Diversify Without Betting the Farm

 |  By: Nate Birt

The soft milk market is prompting many dairy producers to diversify. Yet new endeavors can quickly become sinkholes rather than routes to higher profits without a strong plan and a willingness to lose money at first.

Because dairying is so labor-intensive, producers should stay away from starting side businesses that require more than 1,000 hours of their time each year, says Dave Kohl, a dairy entrepreneur and ag economist at Virgina Tech University. An even safer threshold is 500 hours, he says.

Pursuing a business that demands too much time could hinder your primary milking operation, adds Kohl, who is part-owner of a milk processing, ice cream production and home delivery business.
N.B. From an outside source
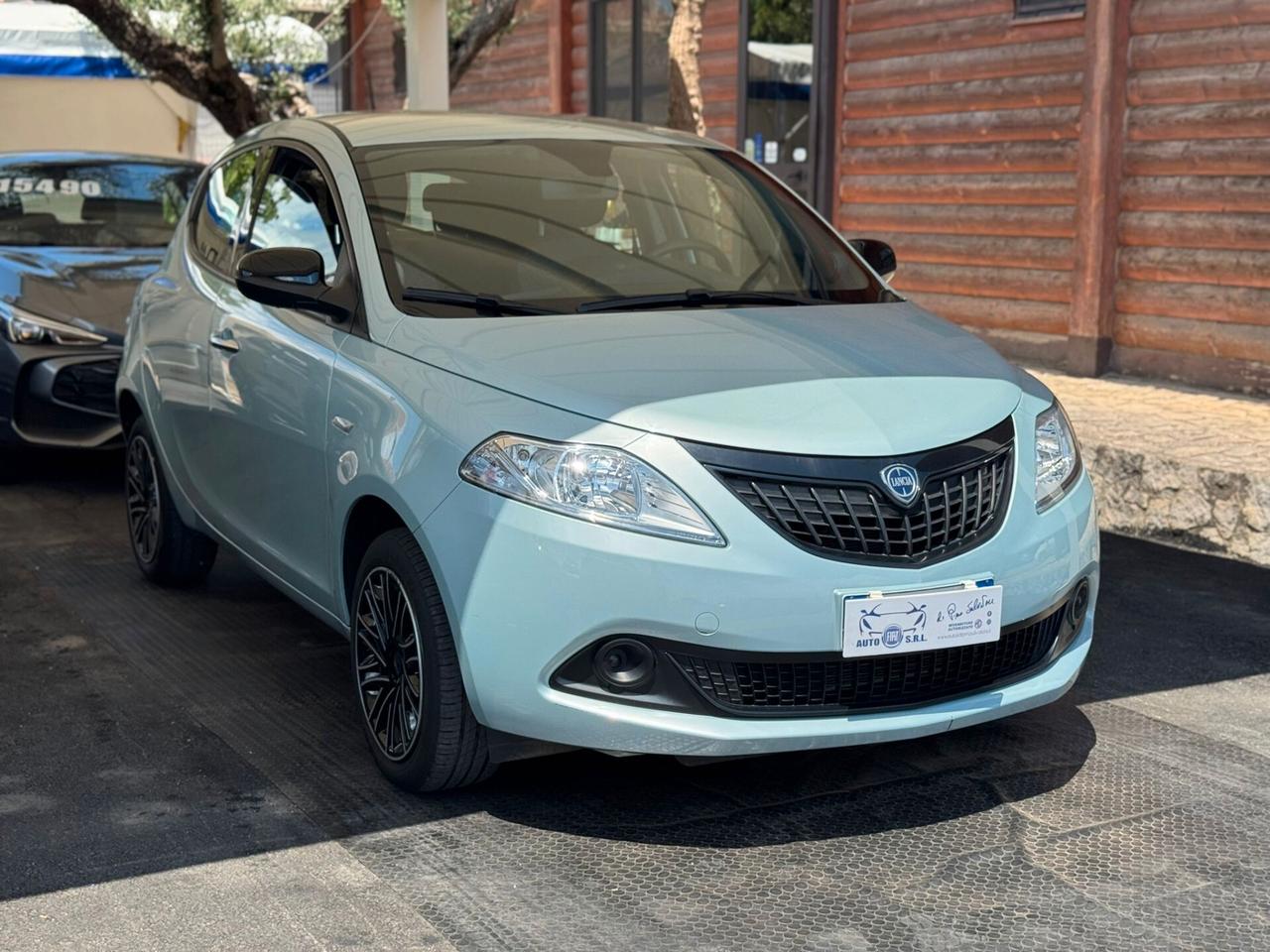 Lancia Ypsilon 1.0 FireFly 5 porte S&S Hybrid Silver Plus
Think through operations, markets and financing for your new product or service, he says. Hire a facilitator to ask difficult questions and help your team through the process, from goals to marketing. It takes from two to five years to build a brand, Kohl says. During that time, dairy operations need to do cash-flow budgets as well as variance analyses to determine whether revenue is improving or losing traction. “If you start finding you’re not covering your variable costs after a couple of years, you’d probably be better off shutting it down,” he says. Operators shouldn’t forget to factor in the value of their own time and wages.

“Good budgeting and having accurate financials are very critical, and then monitoring it as you go through is extremely important,” Kohl says.